Paris Attacks Amplify the Need to Defeat ISIS in the Middle East
Obama sounded defensive Monday as he faced reporters in Antalya, Turkey, where he was attending a G-20 summit that ended up being dominated by the Paris attacks. For example, they misrepresent or misunderstand what the Islamic State desires because they are often unwilling to concede the most obvious motivation of terrorism: faith.
But others may rethink the seductive appeals of ISIS if well-crafted messages open their eyes to the fundamental depravity of murdering innocent people, to the reality that the Islamic State’s caliphate is not heaven on earth and that an ISIS victory is not divinely assured.
They will come back and when they do, they will not just fire guns and bombs.
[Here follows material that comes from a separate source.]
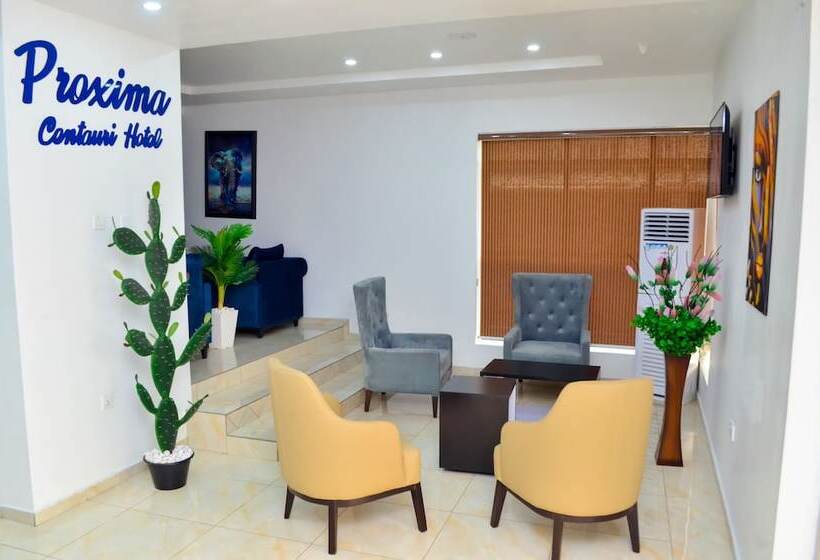 هتل Proxima Centauri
They have crucified others.
Mitt urges instead an alliance of countries that have done next to nothing to defeat ISIS.
Last week, it claimed responsibility for two explosions in the Lebanese capital, Beirut. “That doesn’t help ISIS because it can’t effectively get its road communications to its two most important centers of power”.
Russia’s bombing blitz this week by warplanes and cruise missiles from navy ships destroyed 15 oil refining and storage facilities in Syria and 525 trucks carrying oil, Defense Minister Sergei Shoigu said Friday. Instead, 11/13, became France’s 9/11 as gunmen and suicide bombers methodically and randomly slaughtered more than 130 citizens at four locations around the city, wounding hundreds more.
Experts and eye-witnesses describe their brutality as the worse ever seen.
The group was formed after USA forces invaded Iraq in 2003.
– Abu-Musab al-Zarqawi travelled to Afghanistan near the end of the clash with the Soviets, met Osama bin Laden, and in his native Jordan later founded a group called Unity and Jihad. They called themselves “al-Qaida in Iraq”. He had been a prisoner of US forces in Iraq. The United States must join France and those other nations that share our democratic values to destroy the Islamic State. He was ousted and later executed. State TV aired exclusive video footage of warplanes striking ISIS positions in Syria.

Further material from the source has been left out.